§ **TASK DESCRIPTION**
From the material below, reproduce exactly the stretch of lines that begins with the line holding "Jeans jakna, št. 116" and ends with the line holding "Only-bags.store Portafoglio Piccolo in Pelle", skipping the pictures.

§ **RECORDS FOR THIS TASK**
^^^^

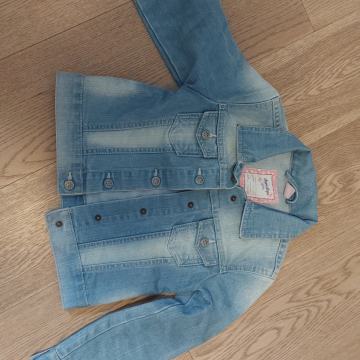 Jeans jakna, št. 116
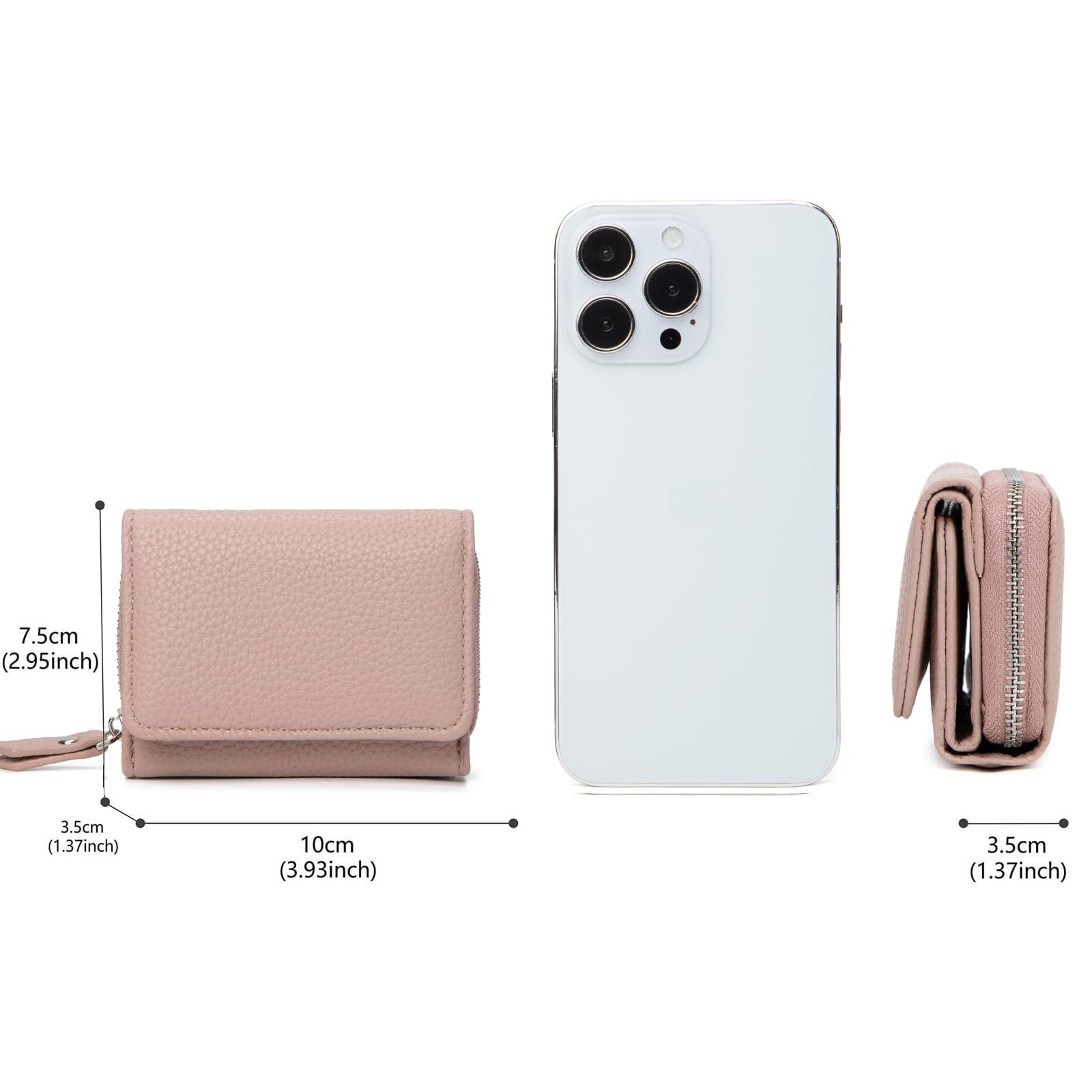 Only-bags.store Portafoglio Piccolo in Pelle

^^^^

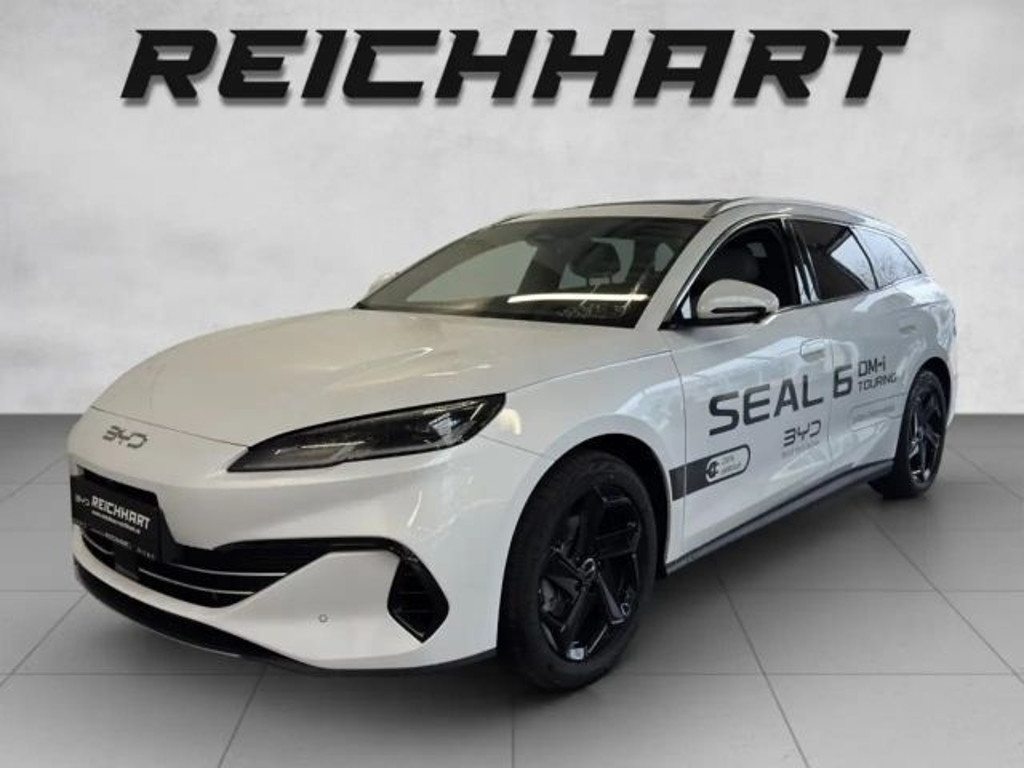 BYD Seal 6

^^^^

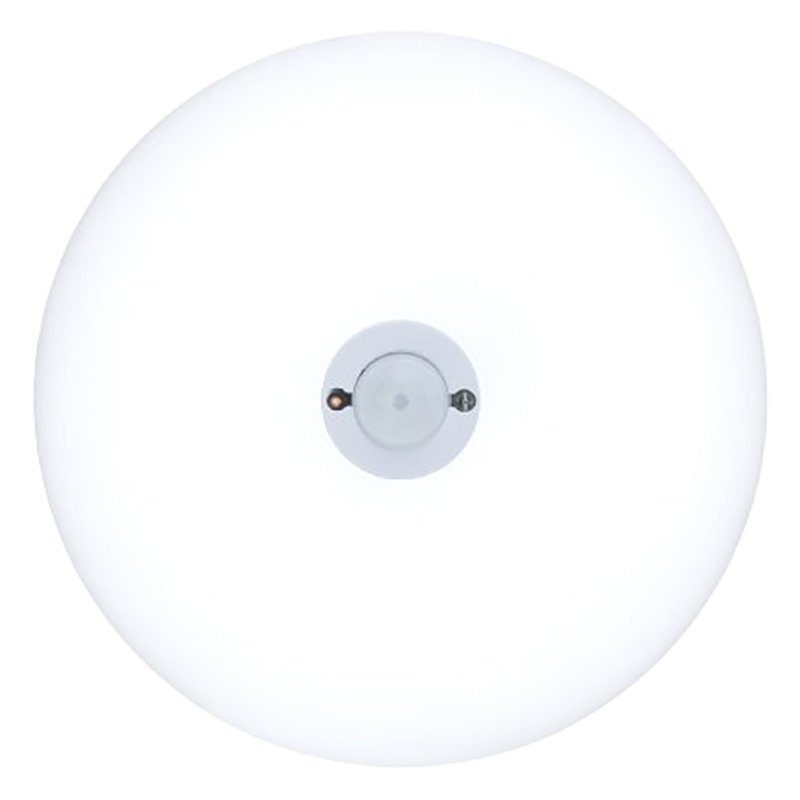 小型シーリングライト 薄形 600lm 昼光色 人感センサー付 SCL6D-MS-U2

^^^^

§ **TASK RESULT**
 Jeans jakna, št. 116
 Only-bags.store Portafoglio Piccolo in Pelle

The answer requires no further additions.